History and Value Judgement: Recordkeeping History and Its Impact on Archives Awareness in Thailand

History can help explain how archives are valued in each society. This paper stems from my PhD research project, “A Comparative Study of Archival Access and Use in the UK and Thailand”, in which I examine how different societies value archives and how this affects archival access and use in order to address the problem of archives awareness in Thailand. Values and attitudes play an important role in how archives are valued. These two elements are shaped by information and experiences in different circumstances in history. The results of the study show that problems of archives use in Thailand are rooted in incompatibility between Thai societal values and Western ways to use and manage archives. The purpose of recordkeeping and use in the UK ranged at different times from keeping evidence of property and doing historical research to searching for identity and protecting one’s rights. In contrast, archives in Thailand have overwhelmingly been used by a limited number of historical researchers. This can be explained by a legacy of recordkeeping which is about keeping chronicles. The turning point was when the Thai recordkeeping system, as a part of the bureaucratic system, was Westernised to resist imperialist influence in the 19th century. The golden age of records management stayed for a short period of time and declined after the pressure from colonialism abated. This is because the values and perceptions attached to these archival systems did not fit the actual social contexts. Three themes relating to values and attitudes on archives, history, education and identity and rights, will be discussed. Finally, this paper will make some recommendations on archival access and use that suit Thai historical background and respond to emerging values in the changing society.

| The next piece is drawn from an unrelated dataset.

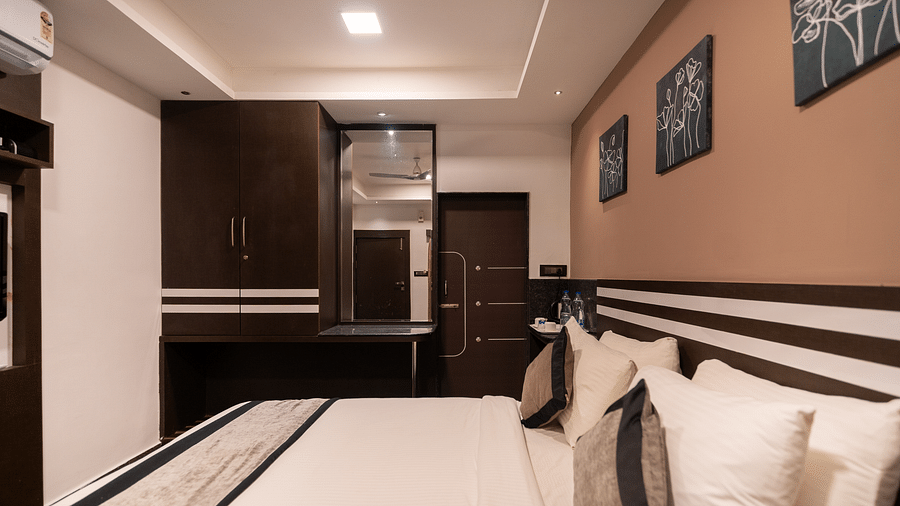 Side view of a room with a bed and a mirror on the side at Parampara Resort & Spa, Kushalnagar.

Naya Sucha-xaya is a third-year PhD student in Information Studies (Archive Studies) at University College London. Prior to her MA and her current study in London, she assisted in historical research on the dissemination of King Rama V’s Tipitaka (Buddhist sacred text) within Thailand and outside of the country in the nineteenth century, which inspired her to further her study in archives management as well as pursue her research interest in culture and history.